Spontaan Babinski's teken bij een ongezond kind van 4 weken oud. Bron: Medicus of Borg [Public domain]

Onder normale omstandigheden zou de Babinski-reflex aanwezig zijn bij kinderen jonger dan twee of drie jaar. En vanaf deze leeftijd zou het verdwijnen en worden vervangen door de flexorreflex.

Als deze reflex niet optreedt in de eerste 6 maanden, staat dit bij sommige auteurs bekend als een negatieve Babinski-reflex. Dit kan betekenen dat er neurologische afwijkingen zijn zoals hersenverlamming, mentale retardatie; of minder frequent, motorische vertraging. (Futagi, Suzuki & Goto, 1999).

De Babinski-reflex bij volwassenen of oudere kinderen geeft betrouwbaar aan dat er een metabole of structurele afwijking is in het corticospinale systeem.

Dit kan zich uiten door symptomen zoals gebrek aan coördinatie, zwakte en moeite met het beheersen van spierbewegingen..

Het is ook pathologisch om de Babinski-reflex aan de ene kant van het lichaam te hebben, maar niet aan de andere kant. Dit zou kunnen suggereren welke kant van de hersenen is aangetast.

Aan de andere kant kan een abnormaal Babinski-teken tijdelijk of permanent zijn, afhankelijk van de aandoening die het veroorzaakt..

Enkele van de voorwaarden die aan deze reflex zijn verbonden, zijn:

- Ruggenmergletsel of tumoren.

- Syringomyelia of spinale cysten.

- Meningitis: is een ziekte waarbij sprake is van een ernstige ontsteking van de vliezen die de hersenen en het ruggenmerg bedekken.

- Beroerte of beroerte.

- Amyotrofische laterale sclerose (ALS): bestaat uit een degeneratieve neurologische aandoening die de motorneuronen van de hersenen of het ruggenmerg aantast.

- Friedreich's ataxie: is een neurodegeneratieve aandoening die verslechtering van het cerebellum en de dorsale spinale ganglia veroorzaakt.

- Poliomyelitis: bestaat uit een infectie die het ruggenmerg aantast en spieratrofie en verlamming veroorzaakt.

- Hersentumor of schade aan het corticospinale kanaal.

- Abnormale metabole toestanden zoals hypoglykemie (lage bloedglucose), hypoxie (zuurstofgebrek) en anesthesie.

- Multiple sclerose: het is een degeneratieve aandoening van het centrale zenuwstelsel. Er treden progressieve hersen- en ruggenmergletsels op. Het is mogelijk dat een abnormale Babinski-reflex wijst op multiple sclerose, hoewel niet alle mensen met multiple sclerose deze reflex hebben..
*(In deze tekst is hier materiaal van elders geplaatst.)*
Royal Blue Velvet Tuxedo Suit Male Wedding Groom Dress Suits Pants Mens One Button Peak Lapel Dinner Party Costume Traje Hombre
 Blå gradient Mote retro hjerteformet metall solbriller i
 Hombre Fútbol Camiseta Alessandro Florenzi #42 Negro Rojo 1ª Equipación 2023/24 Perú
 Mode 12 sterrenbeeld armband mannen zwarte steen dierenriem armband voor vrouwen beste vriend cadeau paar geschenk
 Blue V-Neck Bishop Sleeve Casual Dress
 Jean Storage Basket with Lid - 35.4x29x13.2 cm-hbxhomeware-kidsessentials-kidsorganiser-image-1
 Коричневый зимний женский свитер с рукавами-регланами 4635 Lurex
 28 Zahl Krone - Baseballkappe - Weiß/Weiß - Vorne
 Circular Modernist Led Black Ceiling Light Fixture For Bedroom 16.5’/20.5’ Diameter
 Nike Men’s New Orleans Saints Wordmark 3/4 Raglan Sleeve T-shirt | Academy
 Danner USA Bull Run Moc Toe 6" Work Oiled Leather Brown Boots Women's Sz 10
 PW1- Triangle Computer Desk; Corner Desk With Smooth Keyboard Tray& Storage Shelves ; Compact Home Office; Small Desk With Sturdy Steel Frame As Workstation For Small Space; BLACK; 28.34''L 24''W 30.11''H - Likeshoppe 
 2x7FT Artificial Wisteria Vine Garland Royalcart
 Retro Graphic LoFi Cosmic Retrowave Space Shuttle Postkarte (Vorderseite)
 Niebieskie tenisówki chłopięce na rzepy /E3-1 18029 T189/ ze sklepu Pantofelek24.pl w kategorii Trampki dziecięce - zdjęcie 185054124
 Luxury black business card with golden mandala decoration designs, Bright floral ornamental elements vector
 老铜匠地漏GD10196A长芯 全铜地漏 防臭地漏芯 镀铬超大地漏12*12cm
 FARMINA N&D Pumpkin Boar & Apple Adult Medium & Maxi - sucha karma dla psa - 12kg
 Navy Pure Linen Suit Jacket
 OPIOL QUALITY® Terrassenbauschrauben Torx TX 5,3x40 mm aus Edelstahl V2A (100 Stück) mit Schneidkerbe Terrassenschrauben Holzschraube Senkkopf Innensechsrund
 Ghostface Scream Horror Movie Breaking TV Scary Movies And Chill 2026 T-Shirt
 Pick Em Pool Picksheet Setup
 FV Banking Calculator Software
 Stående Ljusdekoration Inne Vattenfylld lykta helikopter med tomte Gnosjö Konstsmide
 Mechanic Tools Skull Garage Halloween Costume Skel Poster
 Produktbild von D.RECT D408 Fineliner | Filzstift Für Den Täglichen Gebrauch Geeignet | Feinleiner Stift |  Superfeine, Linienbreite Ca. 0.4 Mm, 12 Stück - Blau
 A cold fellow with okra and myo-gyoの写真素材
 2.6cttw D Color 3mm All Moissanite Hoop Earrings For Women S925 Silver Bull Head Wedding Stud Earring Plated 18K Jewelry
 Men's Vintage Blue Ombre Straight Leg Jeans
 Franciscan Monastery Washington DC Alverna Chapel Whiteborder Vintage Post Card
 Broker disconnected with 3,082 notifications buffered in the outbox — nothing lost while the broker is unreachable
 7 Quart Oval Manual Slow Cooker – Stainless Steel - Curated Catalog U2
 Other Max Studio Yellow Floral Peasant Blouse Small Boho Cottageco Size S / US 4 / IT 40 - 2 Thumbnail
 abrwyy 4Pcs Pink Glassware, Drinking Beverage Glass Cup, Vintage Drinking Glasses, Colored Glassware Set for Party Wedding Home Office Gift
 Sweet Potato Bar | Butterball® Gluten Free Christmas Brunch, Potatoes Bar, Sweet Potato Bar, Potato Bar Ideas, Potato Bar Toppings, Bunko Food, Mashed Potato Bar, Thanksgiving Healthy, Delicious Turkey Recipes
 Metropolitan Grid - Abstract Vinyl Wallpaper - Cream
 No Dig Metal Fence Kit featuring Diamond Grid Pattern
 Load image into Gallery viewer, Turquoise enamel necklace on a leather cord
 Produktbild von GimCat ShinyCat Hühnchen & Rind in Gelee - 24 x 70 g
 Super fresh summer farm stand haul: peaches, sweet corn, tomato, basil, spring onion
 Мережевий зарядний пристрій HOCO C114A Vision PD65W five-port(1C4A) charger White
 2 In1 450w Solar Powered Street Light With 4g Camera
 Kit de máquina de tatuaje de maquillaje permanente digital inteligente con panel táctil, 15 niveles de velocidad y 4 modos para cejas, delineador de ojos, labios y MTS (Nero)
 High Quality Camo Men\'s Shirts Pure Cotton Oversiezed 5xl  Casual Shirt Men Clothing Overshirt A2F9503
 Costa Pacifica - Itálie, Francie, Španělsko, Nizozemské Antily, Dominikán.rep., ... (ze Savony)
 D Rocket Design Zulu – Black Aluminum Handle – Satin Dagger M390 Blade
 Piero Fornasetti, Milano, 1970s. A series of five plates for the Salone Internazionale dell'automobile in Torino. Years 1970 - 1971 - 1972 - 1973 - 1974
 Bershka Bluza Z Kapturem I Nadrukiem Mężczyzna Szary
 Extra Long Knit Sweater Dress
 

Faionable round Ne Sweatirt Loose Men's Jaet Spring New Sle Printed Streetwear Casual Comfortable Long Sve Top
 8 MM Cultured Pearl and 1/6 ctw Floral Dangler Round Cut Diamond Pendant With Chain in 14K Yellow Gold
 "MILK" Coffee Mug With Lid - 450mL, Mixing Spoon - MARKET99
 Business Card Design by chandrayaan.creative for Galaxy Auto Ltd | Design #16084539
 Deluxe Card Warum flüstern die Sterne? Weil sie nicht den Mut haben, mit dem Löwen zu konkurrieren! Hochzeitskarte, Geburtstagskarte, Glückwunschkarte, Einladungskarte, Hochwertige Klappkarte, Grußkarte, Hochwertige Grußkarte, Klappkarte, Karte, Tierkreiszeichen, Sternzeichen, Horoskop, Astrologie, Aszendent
- Pernicieuze anemie: infectie die wordt gekenmerkt door onvoldoende rode bloedcellen, die verantwoordelijk zijn voor het leveren van zuurstof aan de weefsels van het lichaam.

- Na het ervaren van gegeneraliseerde tonisch-clonische aanvallen.

Referenties

  1. Emrich, L. (14 januari 2011). MS-tekens vs. Symptomen: wat is het Babinski-teken? Verkregen van HealthCentral: healthcentral.com.
  2. Fresquet, J. (2004). Joseph François Félix Babinski (1852-1932). Verkregen uit History of Medicine: historiadelamedicina.org.
  3. Futagi, Y., Suzuki, Y., & Goto, M. (1999). Oorspronkelijke artikelen: Klinische betekenis van plantaire grijprespons bij zuigelingen. Pediatrische neurologie, 20111-115.
  4. Goetz, C. G. (2002). Geschiedenis van de extensor plantaire respons: Babinski- en Chaddock-tekens. In Seminars in neurology (deel 22, nr. 04, pp. 391-398).
  5. Lance, J. (2002). Het Babinski-teken. Journal of neurology, neurochirurgie en psychiatrie, 73 (4), 360.
  6. Van Gijn, J. (1978). Het Babinski-teken en het piramidale syndroom. Journal of Neurology, Neurosurgery & Psychiatry, 41 (10), 865-873.
  7. Walker H. K. (1990) The Plantar Reflex. In: Walker HK, Hall WD, Hurst J.W., redacteuren. Klinische methoden: de geschiedenis, fysieke en laboratoriumonderzoeken. 3e editie. Boston: Butterworths.

Niemand heeft nog op dit artikel gereageerd.